Broken Hearts

Exploring myths and truths about grief, loss, and recovery.

Raging Fires - Broken Hearts

The televised images are almost too ghastly to watch.

Here in Southern California we are pre-occupied with the death and destruction accruing in the wakes of the multiple firestorms that are devouring our homes and decimating our landscapes. The ongoing tragedies around the country and the world have shifted out-of-focus for us as we hear, see, and smell what's happening all around us.

The televised images are almost too ghastly to watch. The "empathy factor" for those of us who are out of harm's way has ratcheted up to its highest setting, as each of us is compelled to wonder what we'd be feeling if we were the ones who had to leave all behind and run for our lives. For some of us, it is only a matter of blocks or a few miles that separate us from potential travesty, and that can shift with a gust of wind.

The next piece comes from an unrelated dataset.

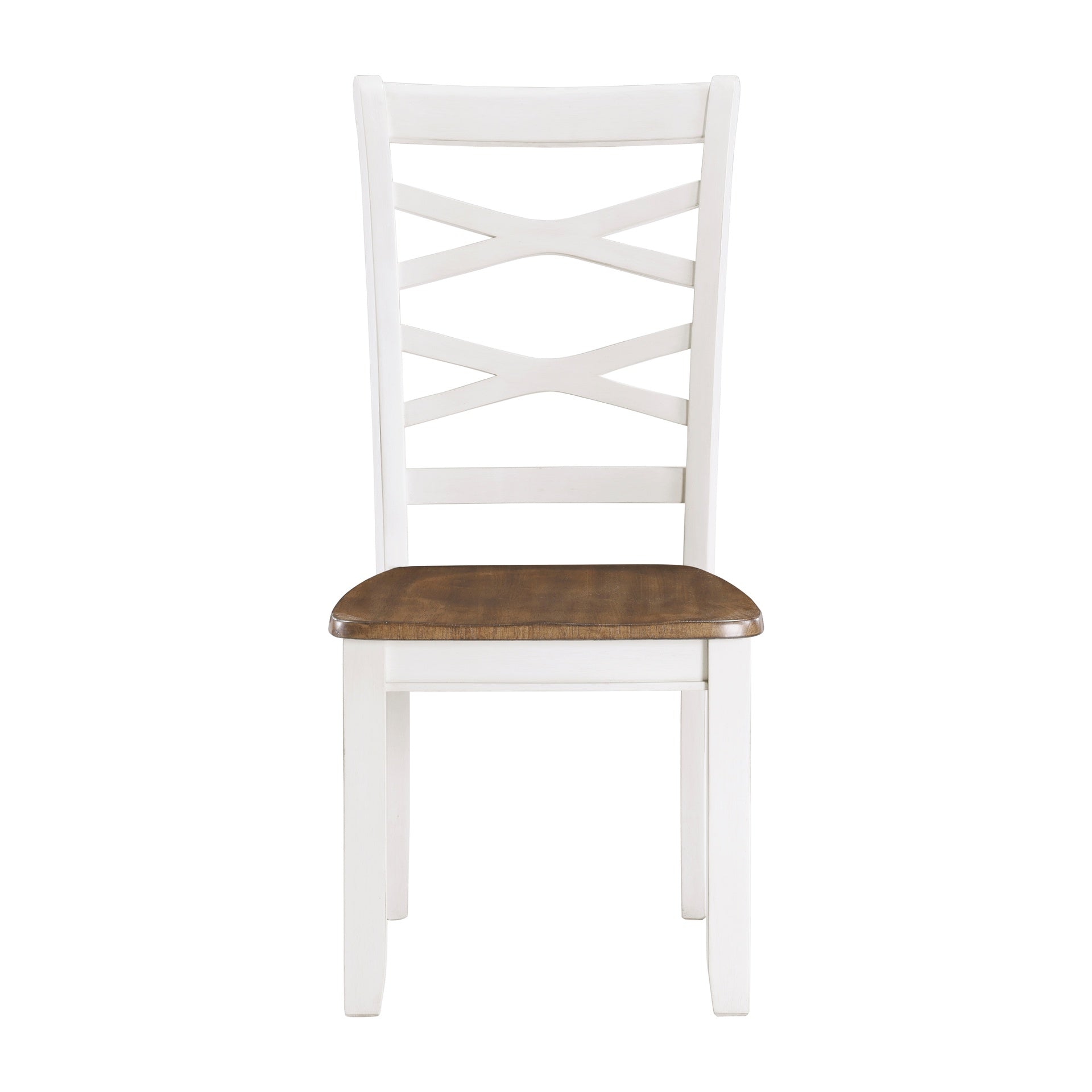 Cherry and White Finish 7pc Dining Set Table and 6 Side Chairs Set Double X-Back Design Wooden Casual Country Style Dining Room Furniture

Survival of the people and animals in the path of the flames is the highest priority. However, the moment they are all safe, the "stuff" we leave behind takes on exponential value.

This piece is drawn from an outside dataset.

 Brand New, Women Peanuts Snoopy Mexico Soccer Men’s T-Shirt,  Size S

The current batch of fires somehow seems like an extension of the major fires we had in October, 2007. Wherever you were in the world at the time, you probably saw some of the poignant interviews with people who'd lost everything. One of the news shows featured a man being interviewed in front of the concrete foundation that was all that was left of his home. Behind him stood a solitary brick chimney, eerily upright, like a tombstone erected to memorialize his home that no longer existed.

"It's all gone - it's all gone," he repeated. The sweat and grime on his face mingled with the tears about a lifetime of lost possessions and their symbolic connections to the people and memories they represented.

Our homes are supposed to be fortresses that protect us from the elements and keep us safe. They house the collections of memorabilia that bind us emotionally to our family and our heritage. Sadly, we can't always make them invulnerable to the fierce elements of nature.

Though our memories are primarily transported in our hearts, and communicated with our words, we rely heavily on the stimulus of objects, pictures, and other reminders to activate our emotional bonds to the people and events that created and shaped our lives.


For those of you who have family or friends whose lives have been torn asunder by these tragic blazes, or any other tragedies, we would like to offer some guidance. You may feel tempted to say, "Don't feel bad, at least you got out safely." While that statement may be intellectually accurate, it's usually not emotionally helpful. Why not? Because it minimizes the emotional damage that is the underlying and over-riding reaction to the loss of identity and possessions in our homes, as well as the homes themselves.

Saying "Don't feel bad," to someone who does, has the impact of suggesting that their feelings aren't correct or important. In reality, at that moment, their feelings are often all they have left. They cling to them as fiercely as they do to survival itself.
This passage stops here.